Simon Schempp (Biathlon)

Simon Schempp ist einer der Stars im deutschen Biathlon. In den letzten drei Jahren kam er im Gesamt-Weltcup immer unter die Top-Fünf und kann bei Olympia auf einen Medaillenplatz schielen. Vielleicht gelingt es ihm ja die großen Favoriten Fourcade und Bö zu überraschen.

In der letzten Saison erhielt der 29-Jährige insgesamt rund 100.000 Euro an Preisgeld. Seine Sponsoreneinnahmen liegen noch einmal deutlich darüber. Sollte er bei Olympia Gold holen, würde er zu den Topverdienern im Biathlon-Zirkus gehören.

So sexy sind die Sportlerinnen bei Olympia (lesen Sie hier mehr).

Aksel Lund Svindal (Ski Alpin)

Der zweimalige Gesamt-Weltcupsieger (Saison 2006/07 und 2008/09) gehört auch bei Olympia zu den Topfavoriten auf eine Goldmedaille in der Abfahrt und im Super-G. Der Norweger gewann in den letzten beiden Jahren den Abfahrts-Weltcup und in den letzten drei Jahren den Super-G-Weltcup.

Durch Verletzungen konnte er in der Saison2016/17 keine großen Einnahmen erzielen.

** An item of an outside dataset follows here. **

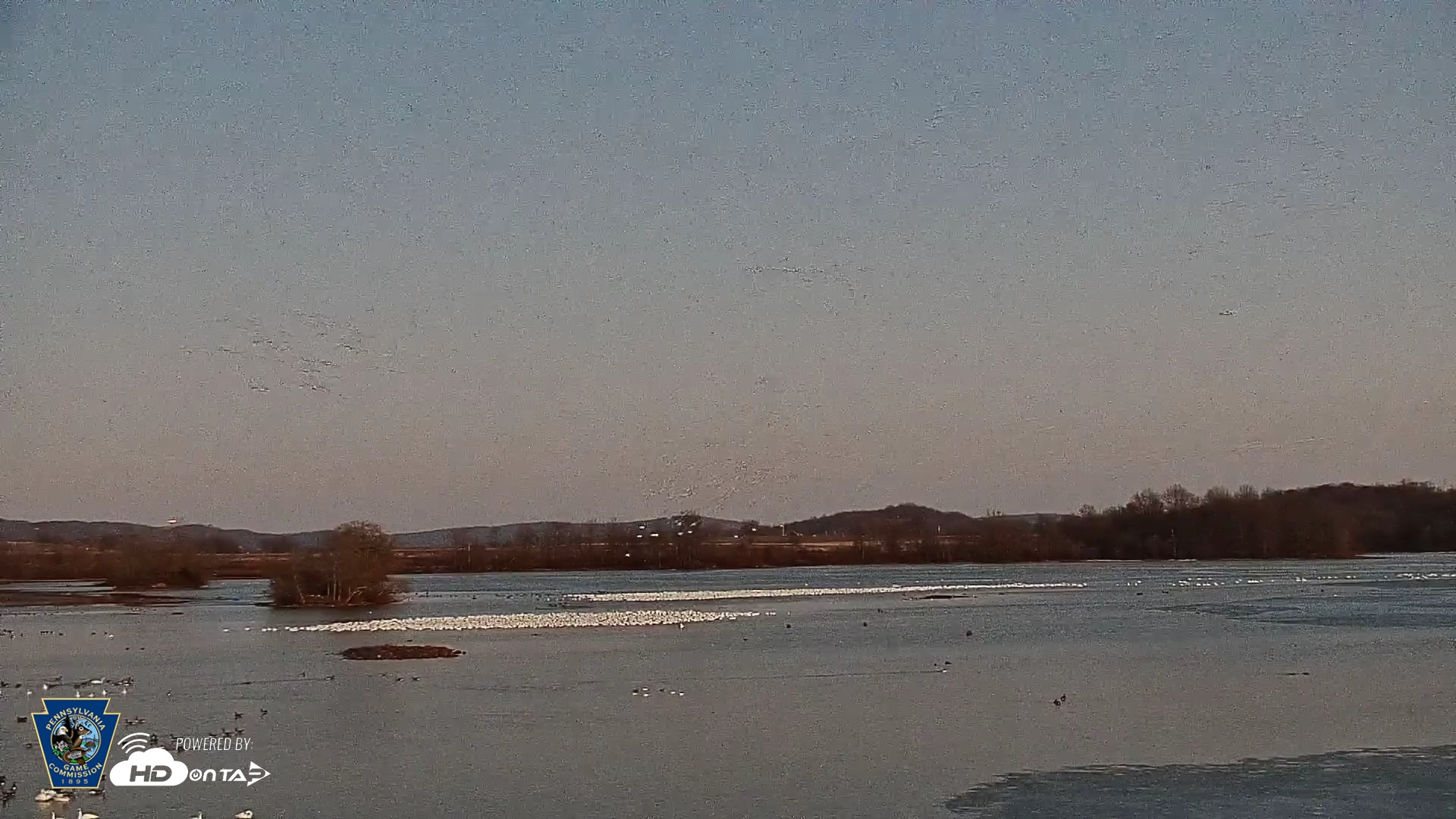 Snapshot of Pennsylvania Snow Geese Live Webcam taken Feb 7, 2025, 5:58pm EST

Sein geschätztes Jahreseinkommen liegt aber trotzdem, durch Werbe- und Sponsoreneinnahmen, bei über einer Million Euro.

Andreas Wellinger (Skispringen)

Der 22-Jährige wurde bei der Vierschanzentournee, auch wegen des Sturzes von Richard Freitag, zweiter hinter Kamil Stoch, im Gesamt-Weltcup liegt er derzeit auf Rang drei. Bei Olympia könnte er eine Einzel-Medaille holen und auch mit dem Team ist Edelmetall durchaus drin.

In der Saison 2016/17 lagen seine Einnahmen durch Preisgelder bei fast 125.000 Euro. Trotz seiner erst 22 Jahre gehört er mit rund 500.000 Euro Jahreseinnahmen zu den Großverdienern der Skisprung-Szene.

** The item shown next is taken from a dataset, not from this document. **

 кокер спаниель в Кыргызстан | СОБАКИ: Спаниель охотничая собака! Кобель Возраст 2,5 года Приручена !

Mikaela Shiffrin (Ski Alpin)

Die 22-Jährige Amerikanerin ist bei den Damen das Nonplusultra. Im letzten Jahr gewann sie den Gesamt-Weltcup und auch in diesem Jahr liegt sie mit fast 700 Punkten Vorsprung vor Platz zwei. Ihre Spezialdisziplin ist der Slalom, doch auch im Riesenslalom fährt sie regelmäßig gute Ergebnisse ein.

Bei Olympia ist sie also gerade im Slalom die große Topfavoritin auf Gold. In der Saison 2016/17 lag ihr Preisgeld fast bei unglaublichen 520.000 Euro.